La chapelle du château, datée du XVe siècle, abrite un élément remarquable : le jubé du Carmel de Metz, sauvé par Alexandre Lenoir pour le musée des Monuments français avant d’être cédé à Joséphine de Beauharnais. Après sa mort, ces pièces, restées en caisses, sont vendues et intègrent finalement le château de Mont-l’Évêque. Le domaine s’organise autour d’un espace central rectangulaire, entouré d’un parc à l’anglaise aménagé au XIXe siècle, où paissent aujourd’hui des moutons. La Nonette, qui traverse la propriété, forme un lac orné de cygnes, ajoutant au caractère pittoresque des lieux. Bien que la chapelle, en mauvais état, ait bénéficié d’une première campagne de restauration en 2016 grâce à une souscription publique, le château reste une propriété privée dont seule la visite extérieure est autorisée.

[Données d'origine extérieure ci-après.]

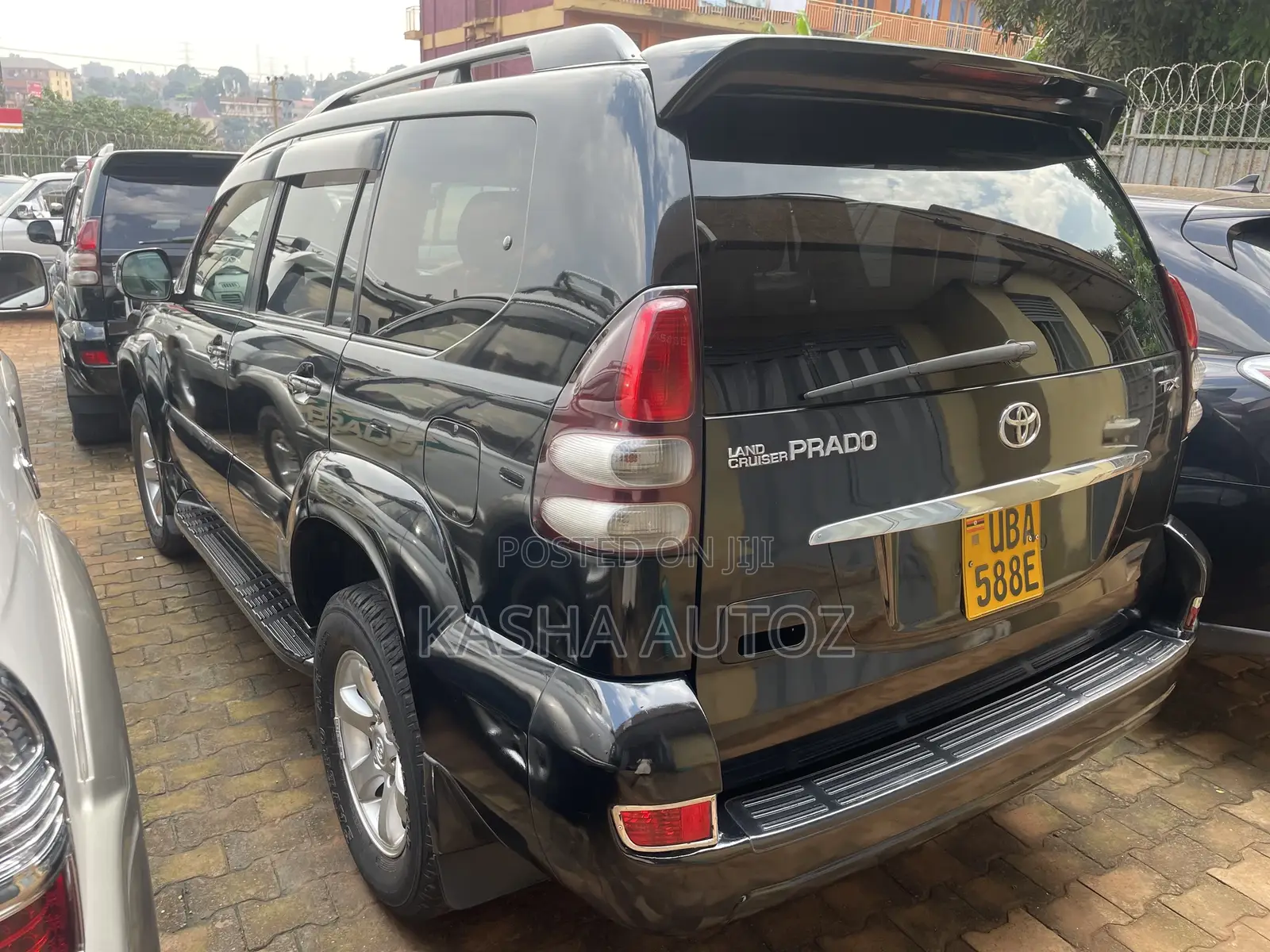 Toyota Land Cruiser Prado 2008 Black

L’histoire du château est indissociable de celle de la commune de Mont-l’Évêque, dont le nom évolue au fil des siècles (Mont-le-Roy, Mons episcopi, puis Mont-l’Évêque à partir du XIXe siècle). Le village, situé en lisière de la forêt d’Ermenonville, est marqué par des conflits historiques, comme les guerres de Religion (bataille contre les ligueurs en 1589) ou les pillages prussiens de 1815. Au XXe siècle, le domaine est intégré à la ligne Chauvineau, un système défensif construit avant la Seconde Guerre mondiale pour protéger Paris. Un bloc de type Bouclier, destiné à abriter un canon antichar, subsiste encore près de la forêt.

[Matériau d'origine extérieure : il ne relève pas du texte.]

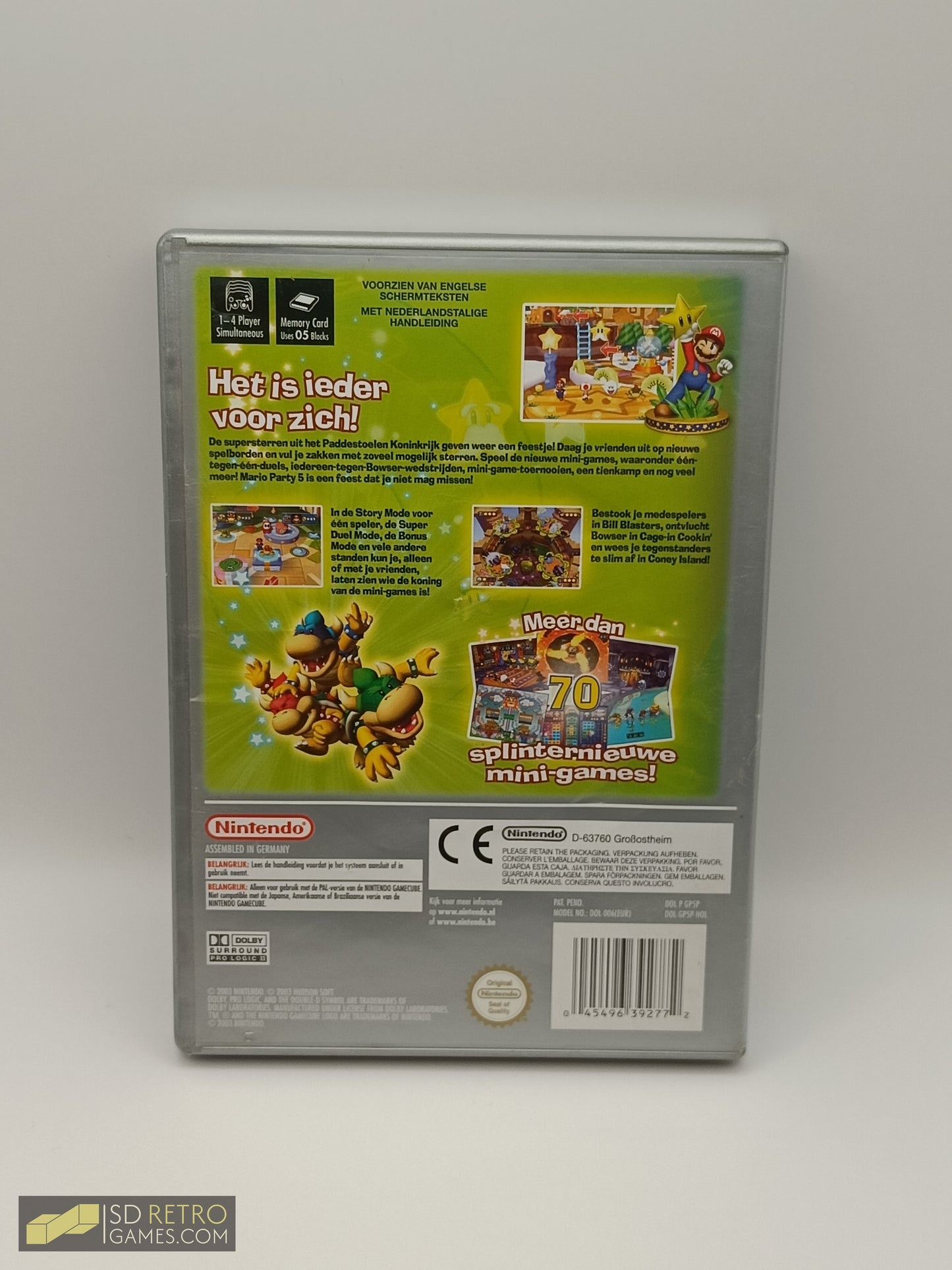 Mario Party 5 - GameCube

Architecturalement, le château se compose de trois bâtiments principaux : la chapelle et le corps central, tous deux remaniés au XIXe siècle, et une aile du XVIIIe siècle abritant autrefois les services administratifs du diocèse. Les façades, décorées dans le style troubadour, contrastent avec la structure interne médiévale, partiellement préservée depuis le XVIe siècle. Le parc, autrefois aménagé en jardin paysager, offre aujourd’hui un cadre bucolique où se mêlent bois, prairies et éléments hydrauliques hérités de la Nonette. La famille de Pontalba, toujours propriétaire, a su conserver l’esprit romantique du lieu tout en l’adaptant aux époques successives.

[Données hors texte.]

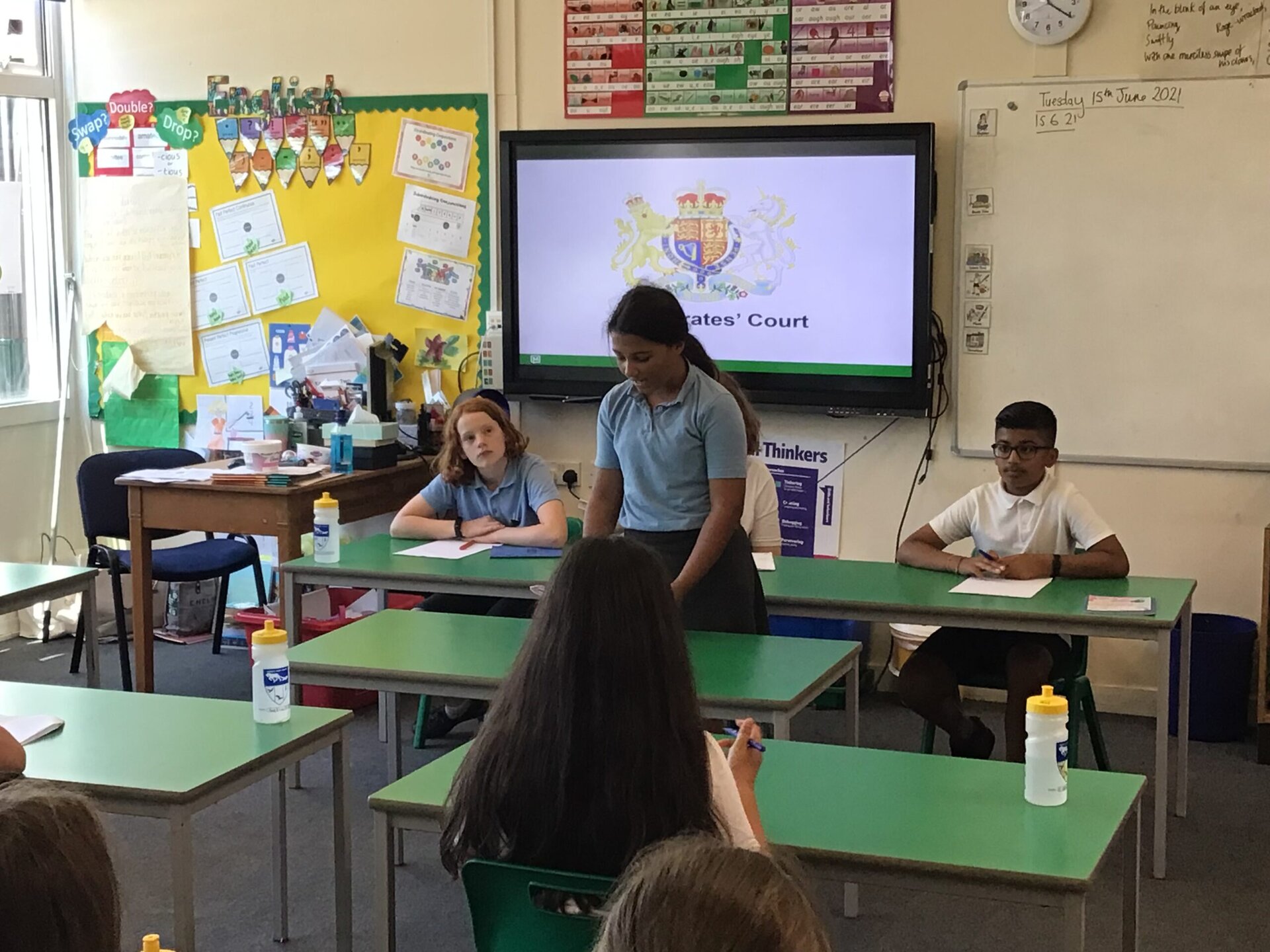 Y6 Magistrates Sessions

Le château de Mont-l’Évêque est classé Monument Historique depuis 1989 pour ses façades, toitures et la bibliothèque du château. Bien que la visite intérieure ne soit pas ouverte au public, le parc et les extérieurs permettent d’apprécier ce témoignage rare de l’architecture troubadour en Île-de-France. La chapelle, en cours de restauration, et les vestiges défensifs de la ligne Chauvineau rappellent les multiples strates historiques du site, des origines médiévales aux enjeux militaires du XXe siècle.